The Future of the Object Verbatim

by August 18, 2004

The latest and greatest addition to my last two posts about the future of the object: a complete transcript of Bruce Sterling's keynote to SIGGRAPH 2004: When Blobjects Rule the Earth.

In my grand vision, there's a history of the relationship of objects and human beings. It goes like this. Up to the present day, during previous history, we humans have had. and made, four different classes of possible objects. These classes of objects are called, in order of their historical appearance, Artifacts, Machines, Products, and Gizmos.

The lines between Artifacts, Machines, Products and Gizmos aren't mechanical. They're historical. The differences between them are found in the material cultures they make possible. The kind of society they produce, and the kind of human being that is necessary to make them and use them.

Artifacts are made and used by hunter-gatherers and subsistence farmers.

Machines are made and used by customers. in an industrial society.

Products are made and used by consumers, in a military-industrial complex.

While Gizmos are made and used by end-users, in whatever today is -a "New World Disorder," a "Terrorism-Entertainment Complex," our own brief interregnum."

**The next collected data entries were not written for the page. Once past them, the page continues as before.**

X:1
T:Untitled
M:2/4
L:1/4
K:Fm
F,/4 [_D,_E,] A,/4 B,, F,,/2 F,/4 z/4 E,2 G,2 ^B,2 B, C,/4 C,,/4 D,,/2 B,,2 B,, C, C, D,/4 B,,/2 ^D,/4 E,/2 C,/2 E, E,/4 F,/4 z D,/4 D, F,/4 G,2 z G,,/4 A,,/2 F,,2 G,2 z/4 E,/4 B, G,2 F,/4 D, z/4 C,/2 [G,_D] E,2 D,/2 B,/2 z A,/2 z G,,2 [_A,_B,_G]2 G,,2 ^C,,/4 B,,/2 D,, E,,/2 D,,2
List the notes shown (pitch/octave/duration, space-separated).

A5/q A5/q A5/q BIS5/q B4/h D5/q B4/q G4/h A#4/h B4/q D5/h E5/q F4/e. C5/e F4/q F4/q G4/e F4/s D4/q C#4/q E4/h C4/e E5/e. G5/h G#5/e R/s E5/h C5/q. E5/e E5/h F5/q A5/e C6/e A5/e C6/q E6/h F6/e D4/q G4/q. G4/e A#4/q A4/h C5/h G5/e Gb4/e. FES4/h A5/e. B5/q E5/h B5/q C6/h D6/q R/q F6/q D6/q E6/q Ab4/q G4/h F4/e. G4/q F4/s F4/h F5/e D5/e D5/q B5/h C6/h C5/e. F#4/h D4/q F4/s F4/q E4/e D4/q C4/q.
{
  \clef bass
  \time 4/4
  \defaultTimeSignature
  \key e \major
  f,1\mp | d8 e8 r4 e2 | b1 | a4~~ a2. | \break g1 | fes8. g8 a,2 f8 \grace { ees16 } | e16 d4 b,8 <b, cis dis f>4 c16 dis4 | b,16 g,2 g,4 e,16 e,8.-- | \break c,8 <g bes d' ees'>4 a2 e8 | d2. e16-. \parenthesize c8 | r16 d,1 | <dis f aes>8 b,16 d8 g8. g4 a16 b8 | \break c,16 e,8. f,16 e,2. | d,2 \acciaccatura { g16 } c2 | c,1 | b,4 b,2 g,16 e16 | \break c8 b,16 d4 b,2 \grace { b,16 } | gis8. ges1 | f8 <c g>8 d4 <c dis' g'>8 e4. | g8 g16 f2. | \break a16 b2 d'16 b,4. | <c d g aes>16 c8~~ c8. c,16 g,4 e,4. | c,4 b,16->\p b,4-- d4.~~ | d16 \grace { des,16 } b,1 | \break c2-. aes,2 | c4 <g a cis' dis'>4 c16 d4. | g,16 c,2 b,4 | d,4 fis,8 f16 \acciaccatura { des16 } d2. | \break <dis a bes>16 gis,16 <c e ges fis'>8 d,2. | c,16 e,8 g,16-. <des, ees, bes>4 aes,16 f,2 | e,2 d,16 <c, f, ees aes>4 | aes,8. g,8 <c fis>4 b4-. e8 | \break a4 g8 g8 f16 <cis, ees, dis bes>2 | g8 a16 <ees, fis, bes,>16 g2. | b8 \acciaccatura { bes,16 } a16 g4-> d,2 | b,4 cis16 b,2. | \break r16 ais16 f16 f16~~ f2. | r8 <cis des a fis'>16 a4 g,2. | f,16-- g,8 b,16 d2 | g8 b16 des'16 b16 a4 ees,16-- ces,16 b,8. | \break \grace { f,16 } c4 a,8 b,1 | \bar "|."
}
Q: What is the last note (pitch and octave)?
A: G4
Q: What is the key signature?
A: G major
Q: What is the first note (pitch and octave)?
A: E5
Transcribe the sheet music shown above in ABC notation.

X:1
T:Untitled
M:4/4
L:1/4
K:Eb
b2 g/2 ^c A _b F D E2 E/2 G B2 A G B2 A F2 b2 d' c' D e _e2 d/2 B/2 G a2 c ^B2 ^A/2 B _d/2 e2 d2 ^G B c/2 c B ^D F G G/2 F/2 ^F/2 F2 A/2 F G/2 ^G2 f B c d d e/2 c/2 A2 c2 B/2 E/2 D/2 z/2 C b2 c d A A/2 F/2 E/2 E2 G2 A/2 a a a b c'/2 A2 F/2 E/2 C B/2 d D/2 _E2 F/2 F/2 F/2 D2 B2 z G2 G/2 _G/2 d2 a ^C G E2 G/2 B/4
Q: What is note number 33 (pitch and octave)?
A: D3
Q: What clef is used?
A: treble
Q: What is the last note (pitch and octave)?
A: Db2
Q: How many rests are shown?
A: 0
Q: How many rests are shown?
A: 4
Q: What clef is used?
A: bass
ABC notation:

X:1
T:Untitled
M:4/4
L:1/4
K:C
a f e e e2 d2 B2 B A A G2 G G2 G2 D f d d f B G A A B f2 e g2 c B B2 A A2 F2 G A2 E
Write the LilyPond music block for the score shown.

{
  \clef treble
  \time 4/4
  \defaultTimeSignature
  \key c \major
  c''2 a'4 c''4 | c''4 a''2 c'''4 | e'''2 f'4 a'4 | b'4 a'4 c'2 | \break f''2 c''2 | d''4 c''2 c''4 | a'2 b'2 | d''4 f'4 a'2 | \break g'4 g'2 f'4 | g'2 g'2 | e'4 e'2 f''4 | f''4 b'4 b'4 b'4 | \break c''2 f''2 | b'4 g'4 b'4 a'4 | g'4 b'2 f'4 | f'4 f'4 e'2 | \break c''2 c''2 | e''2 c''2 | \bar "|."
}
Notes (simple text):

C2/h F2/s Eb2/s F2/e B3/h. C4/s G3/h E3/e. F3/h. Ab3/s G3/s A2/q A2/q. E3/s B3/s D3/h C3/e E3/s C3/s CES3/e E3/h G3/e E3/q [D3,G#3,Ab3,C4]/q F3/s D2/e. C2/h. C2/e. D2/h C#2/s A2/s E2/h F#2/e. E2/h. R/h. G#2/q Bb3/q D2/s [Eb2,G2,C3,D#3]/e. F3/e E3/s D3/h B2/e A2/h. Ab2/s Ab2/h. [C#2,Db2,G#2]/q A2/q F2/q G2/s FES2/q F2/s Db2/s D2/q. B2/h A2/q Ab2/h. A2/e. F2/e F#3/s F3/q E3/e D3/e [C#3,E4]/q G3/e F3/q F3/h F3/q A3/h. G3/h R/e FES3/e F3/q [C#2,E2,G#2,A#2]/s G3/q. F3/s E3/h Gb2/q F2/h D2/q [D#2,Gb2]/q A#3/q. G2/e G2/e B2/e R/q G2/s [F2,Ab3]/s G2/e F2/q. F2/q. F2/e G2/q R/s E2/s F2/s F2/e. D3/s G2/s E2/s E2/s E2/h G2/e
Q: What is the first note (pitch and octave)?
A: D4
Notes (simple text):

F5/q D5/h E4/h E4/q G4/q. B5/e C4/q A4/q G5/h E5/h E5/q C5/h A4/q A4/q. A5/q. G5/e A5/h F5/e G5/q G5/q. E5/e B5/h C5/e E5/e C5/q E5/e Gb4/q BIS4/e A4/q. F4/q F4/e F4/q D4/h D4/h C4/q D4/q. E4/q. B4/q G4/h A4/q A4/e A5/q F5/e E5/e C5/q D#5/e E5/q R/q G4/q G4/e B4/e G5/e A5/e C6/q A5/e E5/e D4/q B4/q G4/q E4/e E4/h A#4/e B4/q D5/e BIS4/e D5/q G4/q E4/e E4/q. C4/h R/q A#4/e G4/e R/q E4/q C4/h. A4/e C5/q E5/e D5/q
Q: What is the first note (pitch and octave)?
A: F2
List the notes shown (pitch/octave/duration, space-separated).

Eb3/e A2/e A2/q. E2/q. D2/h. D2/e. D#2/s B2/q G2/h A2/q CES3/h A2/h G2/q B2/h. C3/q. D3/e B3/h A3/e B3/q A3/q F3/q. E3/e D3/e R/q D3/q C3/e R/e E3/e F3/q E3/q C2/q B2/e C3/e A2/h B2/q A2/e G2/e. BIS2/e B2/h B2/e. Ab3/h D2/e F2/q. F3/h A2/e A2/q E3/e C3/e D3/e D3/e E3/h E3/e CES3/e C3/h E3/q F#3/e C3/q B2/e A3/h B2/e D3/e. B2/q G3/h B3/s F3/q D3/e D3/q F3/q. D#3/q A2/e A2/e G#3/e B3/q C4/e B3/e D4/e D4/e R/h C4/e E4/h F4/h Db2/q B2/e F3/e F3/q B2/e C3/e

"Now, I could redesign this Gizmo to make it into a simple Product.

But then this Gizmo would become a commodity. There would be little profit in that; in an end-user society like ours, Products come in bubblepak or shrinkwrap in big heaps, like pencils. There is no money in them.

So there are good reasons why a Gizmo is almost impossible to use.

It's because a Gizmo is delicately poised between commodity and chaos.

It is trying to cram as much impossible complexity as it can, into an almost usable state. It is leaning forward into the future.